Tue Jul 12 18:41:45 CEST 2011

schrieb Aleks Kleyn:

> Few words about Google errors mentioned bellow. As far as understand
> they restored text from scanned image. This is artificial
> intelligence, the field which evolves slowly.

While OCR in general is a hard problem, those 'typical errors' I
referred to can very well be tackled by a dictionary approach.  In the
German language a word cannot start with 'ß'.  So a words starting with
that letter has a high probability of being an erroneous match and can
automatically be fed into a dictionary assisted recognition stage.  The
same is true for words starting with exactly two capital letters 'AV'.

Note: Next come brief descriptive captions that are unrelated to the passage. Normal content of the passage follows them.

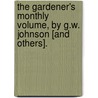 The Gardener's Monthly Volume, By G.W. Johnson [And Others]. by George William Johnson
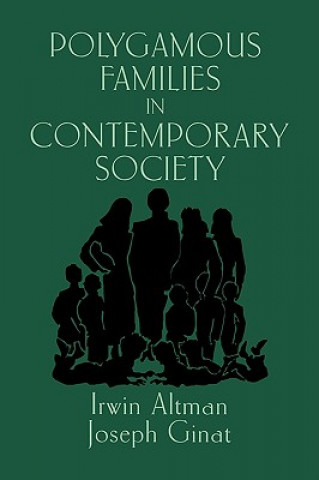 Kniha Polygamous Families in Contemporary Society Irwin AltmanJoseph GinatSterling M. McMurrin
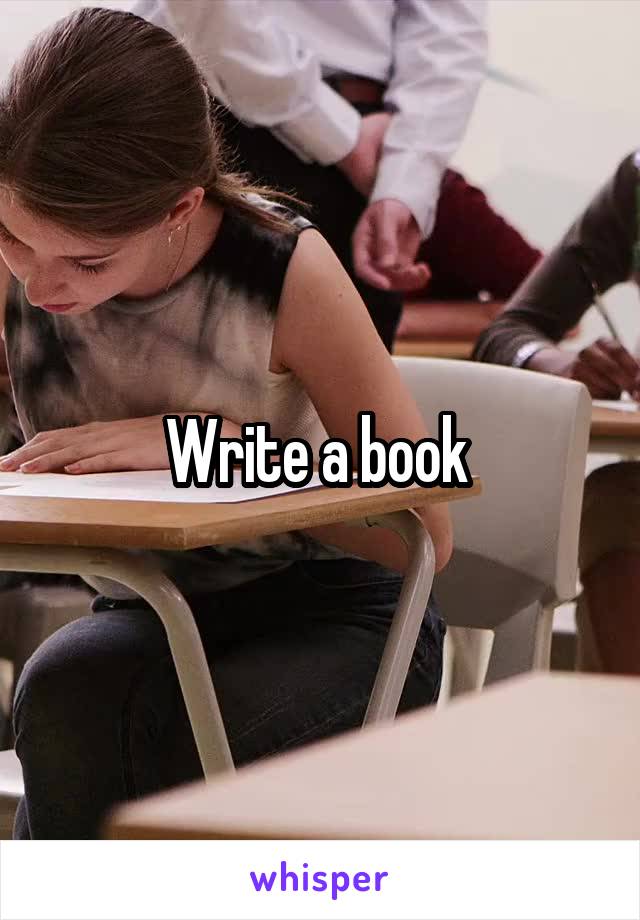 Write a book 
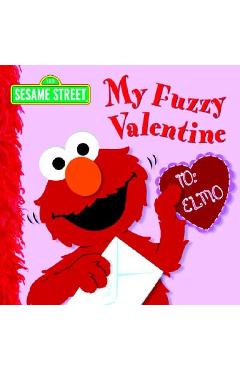 My Fuzzy Valentine (Sesame Street) - Naomi Kleinberg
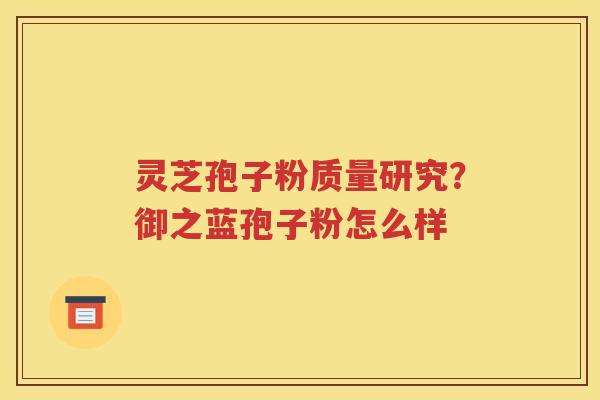 灵芝孢子粉质量研究？御之蓝孢子粉怎么样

Note, I'm only speaking of the simple cases where the rest of the word
is already spelled correctly.  The presence of such typical errors
indicates Google (so far) doesn't use a dictionary to decrease the error
rate.

Best regards,
Stephan Hennig

> -----Original Message-----
> From: tex-hyphen-bounces at tug.org [mailto:tex-hyphen-bounces at tug.org] On
> Behalf Of Stephan Hennig
> Sent: Thursday, June 30, 2011 7:25 PM
> To: About TeX hyphenation patterns, old and new.
> Subject: [tex-hyphen] Google Books corpus
> 
> Additionally, the German corpus contains lots of
> typical OCR errors like
> 
>     incorrect                correct
> 
>   ßrot                     Brot
>   AVahrscheinlichkeit      Wahrscheinlichkeit
> 
> that I would have expected to be handled better by Google.  (Well, there
> are many of such typical errors, but with low frequencies each so that
> in total they shouldn't generate significant skew to the data.)